START RECORDS PROVIDED
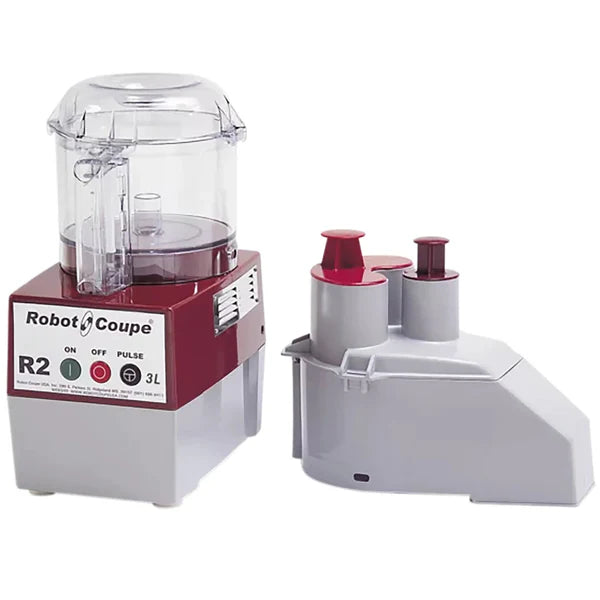 Robot Coupe R2N CLR Food Prep & Bowl Cutter Combo - 3 Qt Capacity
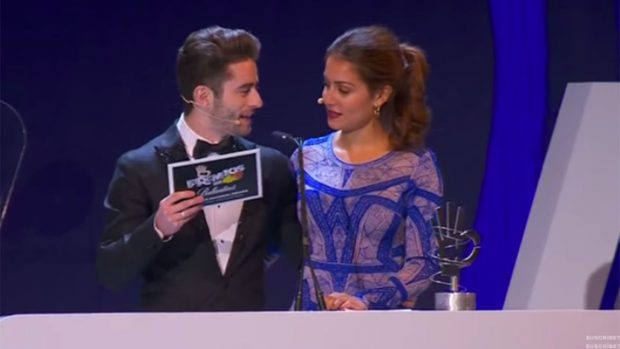 Pelayo Díaz e Hiba Abouk / Youtube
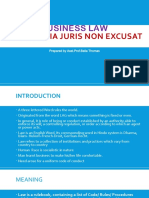 Business Law: Ignorantia Juris Non Excusat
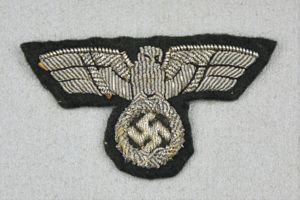 Army (Heer) officer bullion cap eagle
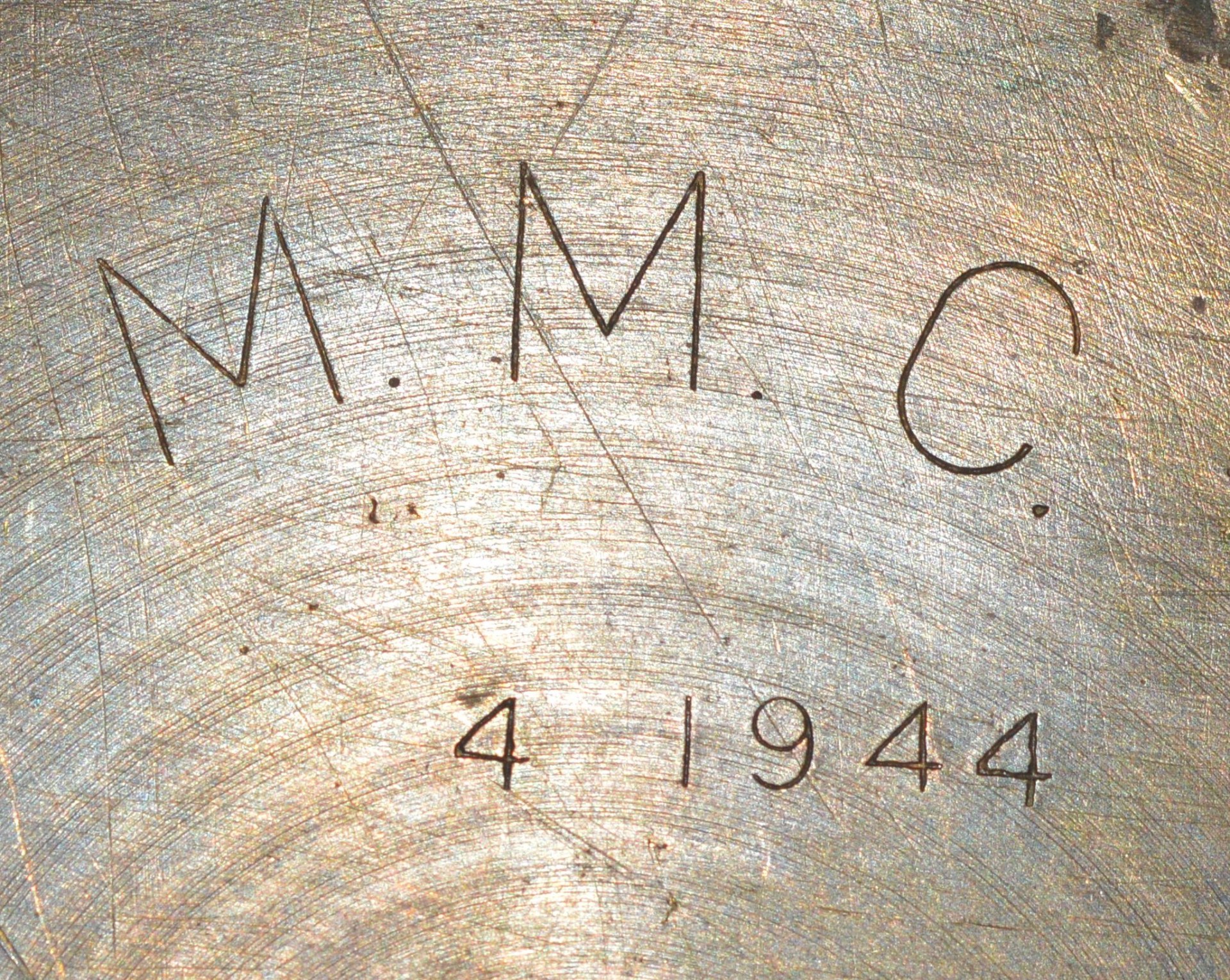 Presentation WWII US Trench Art Ash Tray - Image 4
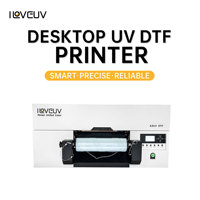 Imprimante UV DTF de bureau A3, machine d'impression d'autocollants en rouleau, CMYK+W+Vernis pour transfert de logos sur bouteilles, métal, acrylique
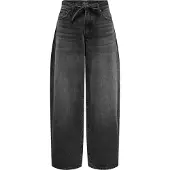 ONLY ONLGIANNA MW STRAIGHT DNM DOT980 NOOS Damen Jeans Schwarz : Größe - W29 L32 Größe: W29 L32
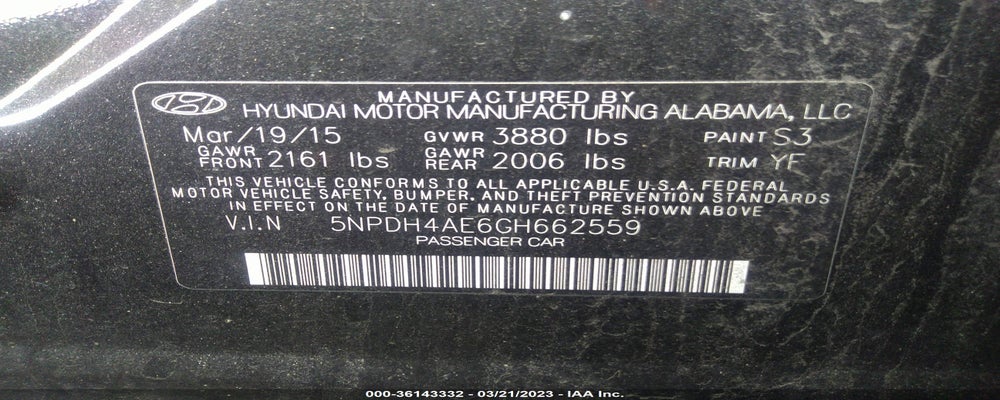 5NPDH4AE6GH662559 2016 HYUNDAI ELANTRA photo no. 9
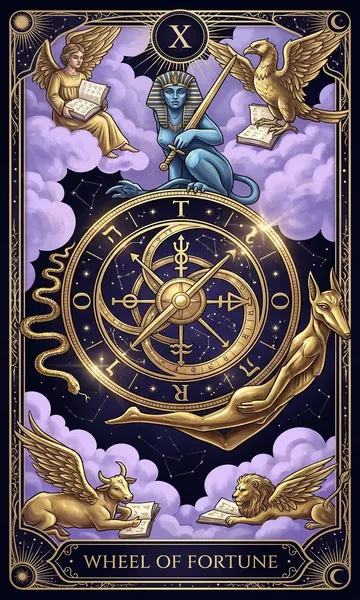 Wheel of Fortune - Tarot Tài Chính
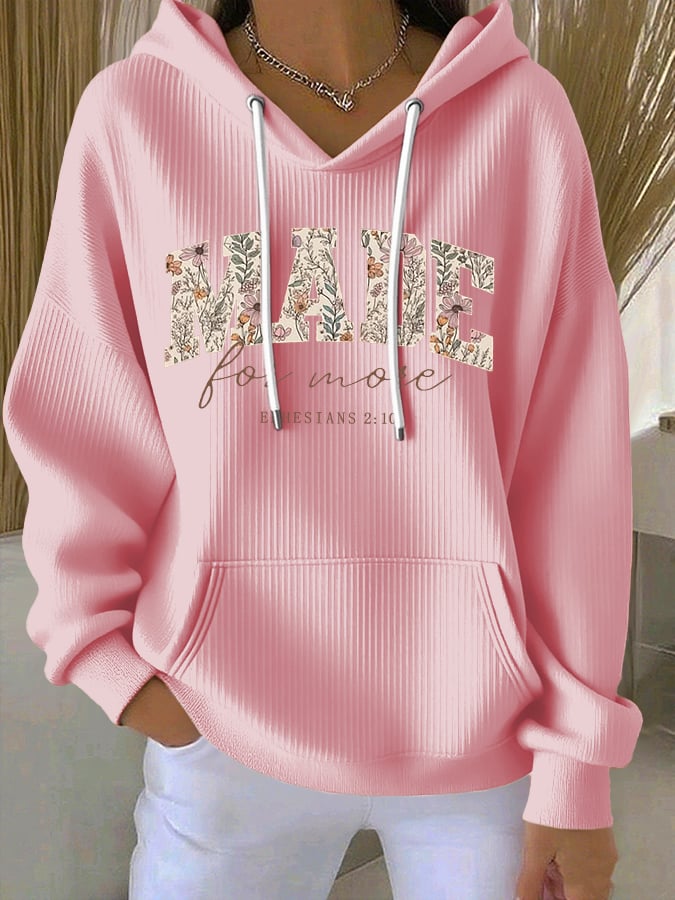 Women's Made For More Printed Hoodie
END RECORDS PROVIDED
Set the pictures aside and reproduce exactly the lines above, from the line holding "Pelayo Díaz e Hiba Abouk / Youtube" through the line holding "Presentation WWII US", both included, with nothing else.

• TASK RESPONSE:
 Pelayo Díaz e Hiba Abouk / Youtube
 Business Law: Ignorantia Juris Non Excusat
 Army (Heer) officer bullion cap eagle
 Presentation WWII US Trench Art Ash Tray - Image 4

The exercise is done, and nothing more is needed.